THE DATA:
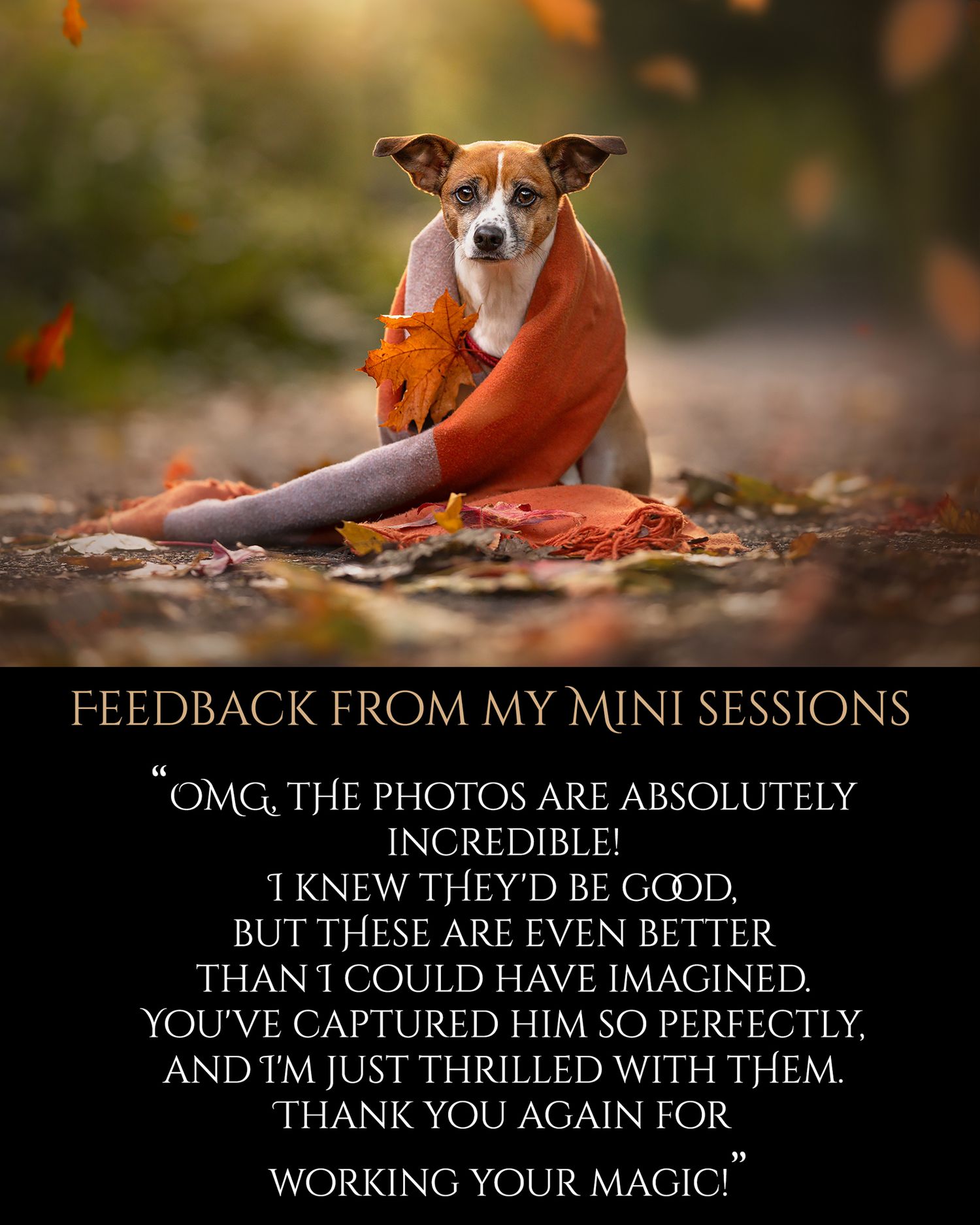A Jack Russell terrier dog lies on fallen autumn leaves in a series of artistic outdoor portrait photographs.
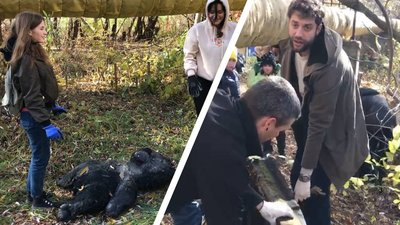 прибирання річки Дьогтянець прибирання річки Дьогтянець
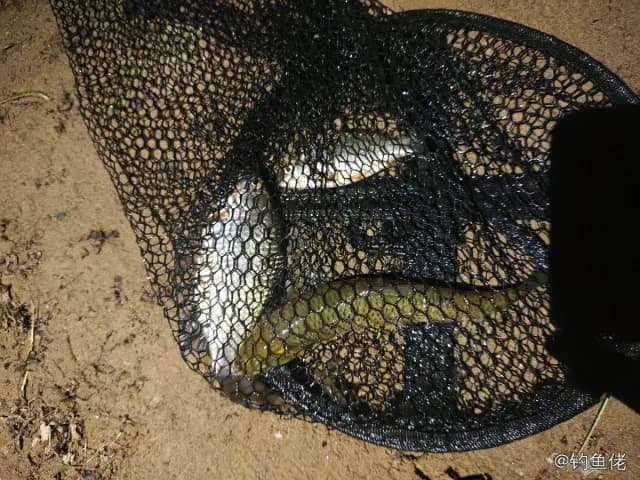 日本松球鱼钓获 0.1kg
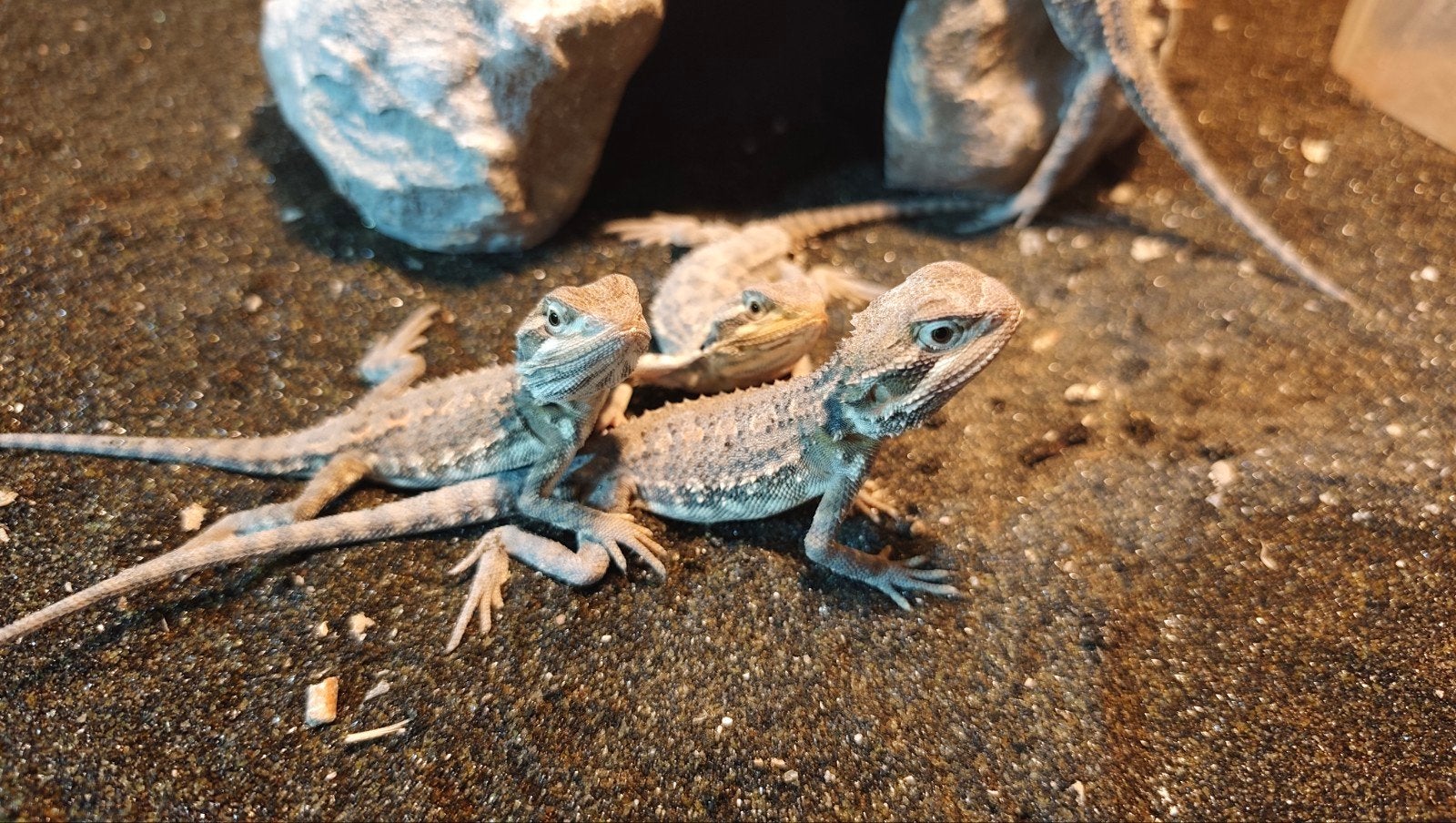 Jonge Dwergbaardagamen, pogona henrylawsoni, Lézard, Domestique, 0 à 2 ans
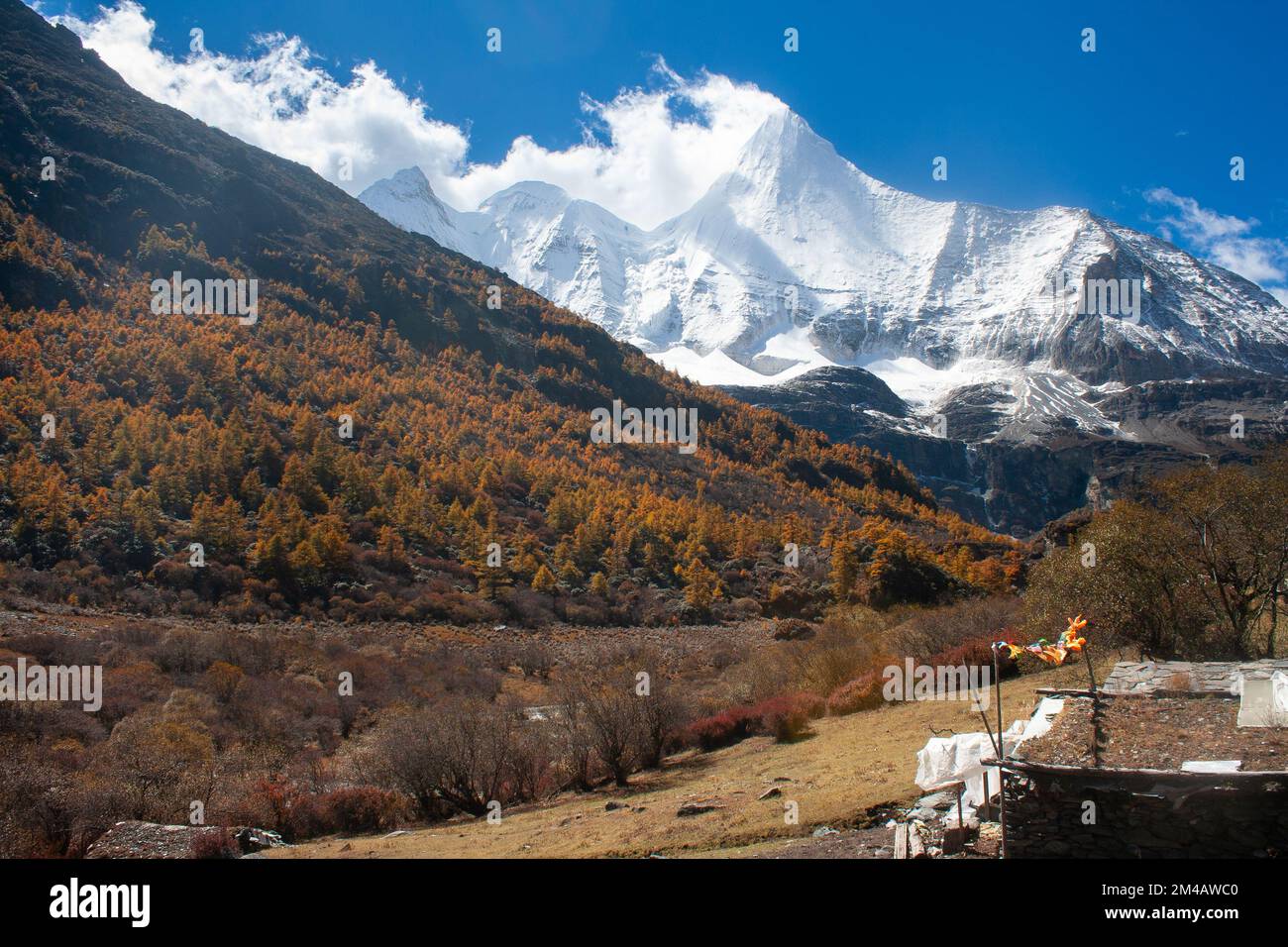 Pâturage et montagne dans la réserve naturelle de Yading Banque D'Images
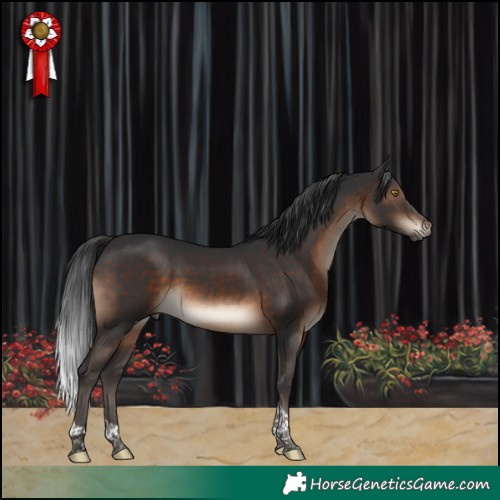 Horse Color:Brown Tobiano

TASK STATEMENT:
Can the lines from the one with "прибирання річки Дьогтянець прибирання" to the end of the records above be quoted exactly, both ends included, with every picture omitted?

ANSWER BELOW:
 прибирання річки Дьогтянець прибирання річки Дьогтянець
 日本松球鱼钓获 0.1kg
 Jonge Dwergbaardagamen, pogona henrylawsoni, Lézard, Domestique, 0 à 2 ans
 Pâturage et montagne dans la réserve naturelle de Yading Banque D'Images
 Horse Color:Brown Tobiano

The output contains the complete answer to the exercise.